Taxation without representation, still printed on the plate
DC residents pay the highest federal taxes per capita of any jurisdiction in the country. Nearly $37,642 per person in net federal collections. They have no voting representation in Congress. In February 2026, Congress passed a disapproval resolution removing roughly $658 million over five years of local tax dollars from DC’s budget. License plates in the District have read “Taxation Without Representation” since the late 1990s. The argument is printed on every car in the city, and nothing has changed.
Parliament called it Chocolate City in 1975, when the Black population exceeded 70%. It’s now roughly 45%. Barry Farm — established in 1867 by the Freedman’s Bureau as one of the first Black homeownership communities in DC — began demolition in 2018. The families who lived there scattered across the District and beyond.
Gregory Adams, a longtime U Street resident: “People who lived along the U Street corridor… I’ve seen them go. It wasn’t that they were dying off. They couldn’t afford to stay.”
The uninsured rate is 3.4% — less than half the national median. Medical debt affects 0.95% of the population, compared to 3.68% nationally. Medicaid expansion works. The safety net functions. But even with those counterforces, the composite still reads Elevated. The safety net measures a different city than the one east of the river.
The seat stays. Who remains in it.
DC’s neighbors tell the familiar version of the gap story. Arlington scores 23.5, Healthy. Fairfax scores 30.0, Healthy. Then the gradient steepens. Montgomery County scores 40.3, Normal.
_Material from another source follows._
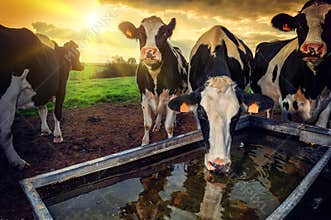 Herd of young calves drinking water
Alexandria scores 43.9, Normal. Then Prince George’s County — the only majority-Black jurisdiction among the six — scores 73.5, Serious. Fifty points separate Arlington from Prince George’s. DC sits at the hinge.
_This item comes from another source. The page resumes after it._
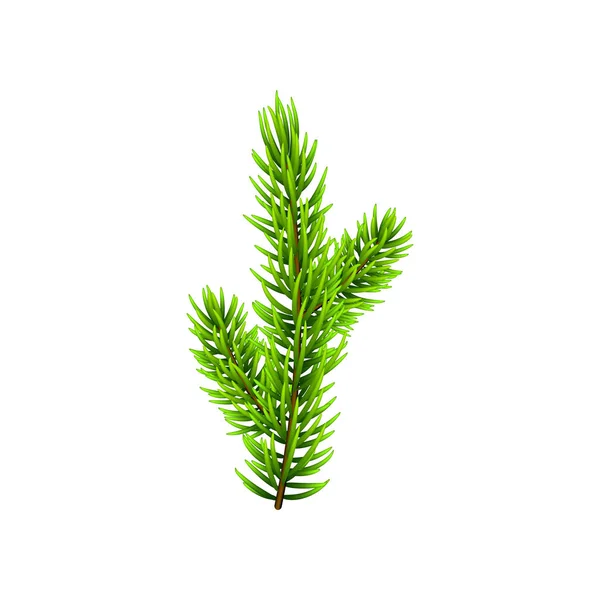 Vectorillustratie Christmas Tree Branch Geïsoleerd Wit Naaldboom Fir Tak Kan — Stockvector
I don’t know whether the FHA delinquency rate is a leading indicator or a steady-state feature of a city this unequal. The loans haven’t reached the claims stage yet. That gap between delinquency and loss — between falling behind and losing the house — is where the next chapter sits. The city’s overall homeownership rate is 41.1%, the 0.5th percentile nationally. The people who managed to buy are the ones going delinquent at the highest rate in the country, using the government’s own program, eleven miles from the agency that runs it. The indicators to watch are FHA delinquency, auto loan delinquency, and Housing Cost Burden — which at 78.8 is already 25 points above the composite. The seat stays. The question is who remains in it.